Archive for the 'audience' Category

It Doesn’t Matter if No One Reads It

Monday, February 2nd, 2009

Surely, things work better when people do read your writing. For some of you, your writing would be pointless if no one read it. But I’m asking you to consider that it doesn’t have to be this way. After all, if writing was written just to be read, diaries and journals wouldn’t exist. People even pair up and create alliances to ensure that if one of them dies, the other will burn all of the diaries.

Private diaries are just one example of why you might write something that you don’t want anyone to read. The process of writing forces you to articulate your thoughts in a more clear, explicit manner than you typically bother to do when you’re just swirling them around inside your head. Even when you speak to other people, you can get away with letting your tongue flap freely (maybe not all of the time). But when you type words onto a computer screen, you get to see what you just said. You have to think about your words in a whole new way just to get them out of your fingers in the first place.

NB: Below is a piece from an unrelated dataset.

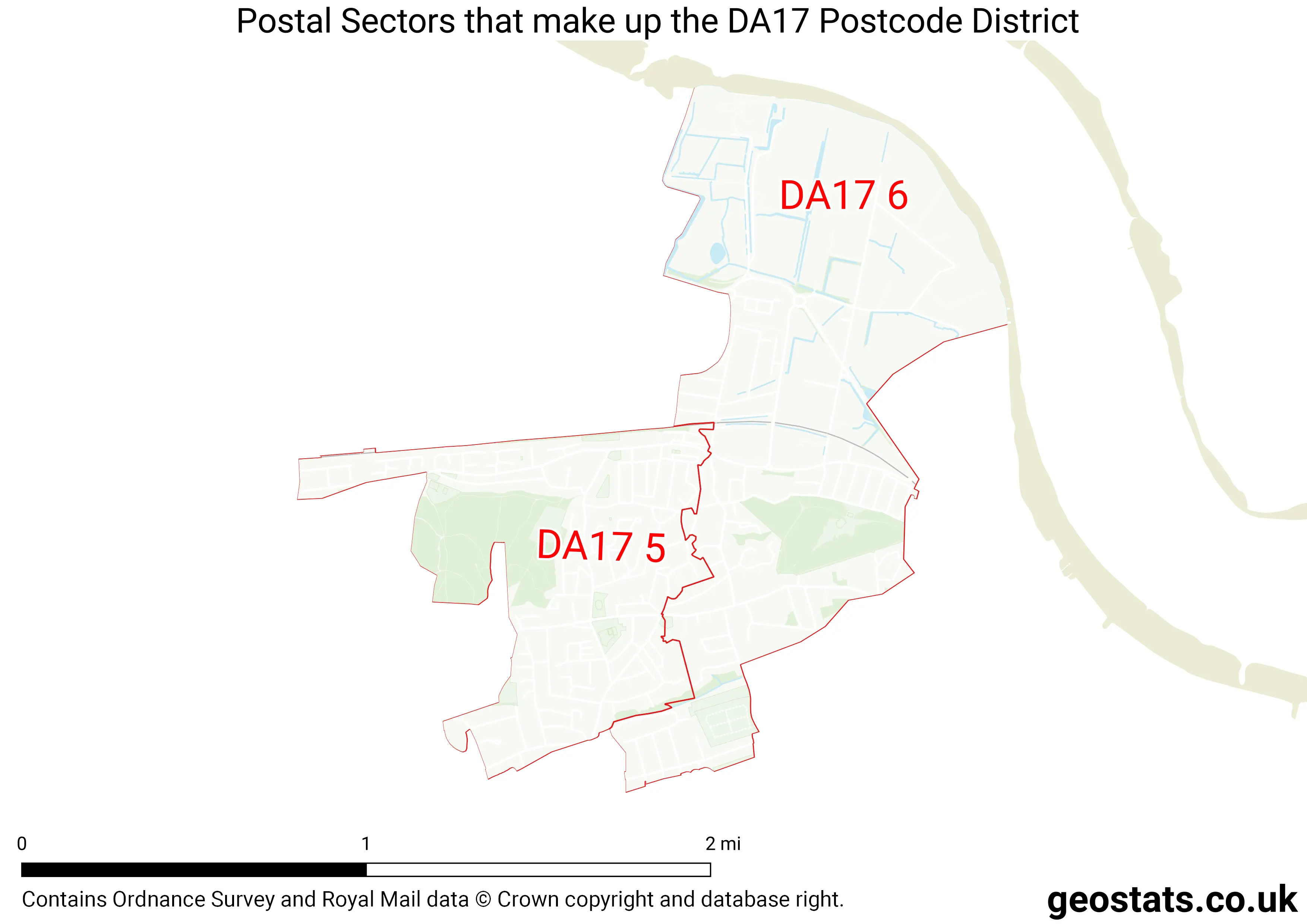 Map of the DA17  District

The writing process helps to crystallize your thoughts in a concrete form. It also helps you to put your lingering ideas to rest. Writing them down forces that nagging voice inside your head to either put up or shut up. When you make a decision to either move forward with something, or put it on the back burner, you’ll find that it tends to distract you a lot less. One of the best ways to accomplish this is to simply write down what the nagging thought is. You may even surprise yourself; you may realize that you’re not thinking what you thought you were thinking.

The point is simple: don’t worry about writing for an audience, and just write what there is to write. That’s when you’ll write the stuff that your audience will be most interested to read.